The employer/respondent is given a period of twenty-eight (28) days during which it may contest liability following receipt of a Form 30C Notice of Claim for compensation, or its  equivalent. However, an employer who commences payment to the claimant before the expiration of the twenty-eight (28) day period has up to one (1) year after such notice to contest compensability. This process is intended to encourage payment to the employee pending investigation of a claim while preserving an employer’s defenses to a non-compensable event.

It is imperative that both employers, and insurance providers and/or third-party administrators be aware of this twenty-eight (28) day deadline if a disclaimer is necessary in order not to prejudice a claim. In the absence of a timely disclaimer a claimant will file a Motion to Preclude seeking to bar the employer from asserting defenses to compensability.
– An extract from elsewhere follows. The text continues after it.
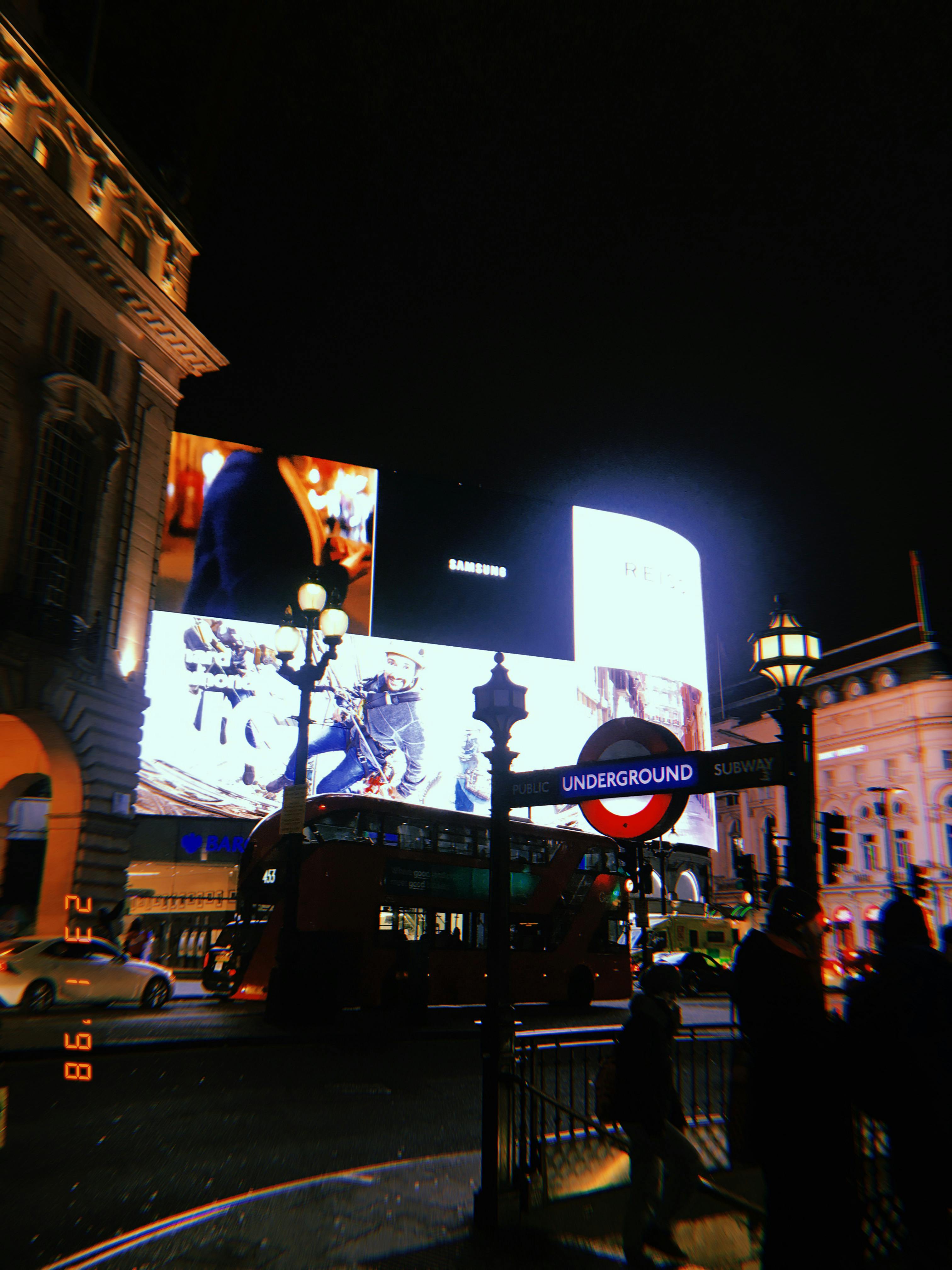 Captivating view of Piccadilly Circus at night with illuminated billboards and iconic red double-decker buses.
The employer and its insurance carrier should therefore be aggressive in its preliminary investigation so it can determine whether a denial is appropriate. Any payments issued during this investigation must be made on a “without prejudice” basis. The following considerations apply:

  • The reasons for denial set forth on the Form 43 must be specific and not overly vague or general. “Alleged injury did not arise out of or in the course of employment” has been held sufficient for purposes of an initial denial.
  • If the respondent fails to file a proper disclaimer or issue payments without prejudice within the twenty-eight-day time period, the respondent will be precluded from contesting compensability.
  • The Form 43 should be filed by certified mail or hand delivered to the employee and the Commission. C.G.S. § 31-321. A Form 43 cannot be filed with the commission via fax. Woodbury-Correa v. Reflexite Corp., 190 Conn. App. 623 (2019).
  • Defense counsel and claim handlers must be certain that the Form 43 is sent to the person claiming compensation. For example, if a death claim is pursued the disclaimer should be sent to the representative of the estate of the person who has died as well as any dependents who may have filed a written notice of claim for compensation.                      46. What is the method of claim adjudication?
      • Administrative level.

A commissioner is the “fact finder” at so-called “Formal Hearings” and enters a “Finding and Award” or a “Finding and Dismissal” following a bench trial. Within ten days from receiving meaningful notice of the commissioner’s decision, either party may file an appeal to the Compensation Review Board. C.G.S. §31-301. Conaci v. Hartford Hospital, 36 Conn. App. 298 (1984). Three members of the Compensation Review Board, which is comprised of the Chairman of the Workers’ Compensation Commissioner and all of the state workers’ compensation commissioners, then hear the appeal. C.G.S. §31-301 (b).

  • Trial court.

The trial courts do not hear workers’ compensation appeals in Connecticut.

  • Appellate.

Any appeal from the Compensation Review Board must be filed within 20 days of the rendering of a decision. Such appeals are heard by the Connecticut Appellate Court. Any further appeal to the Connecticut Supreme Court may be made only by certification, and not as a matter of right.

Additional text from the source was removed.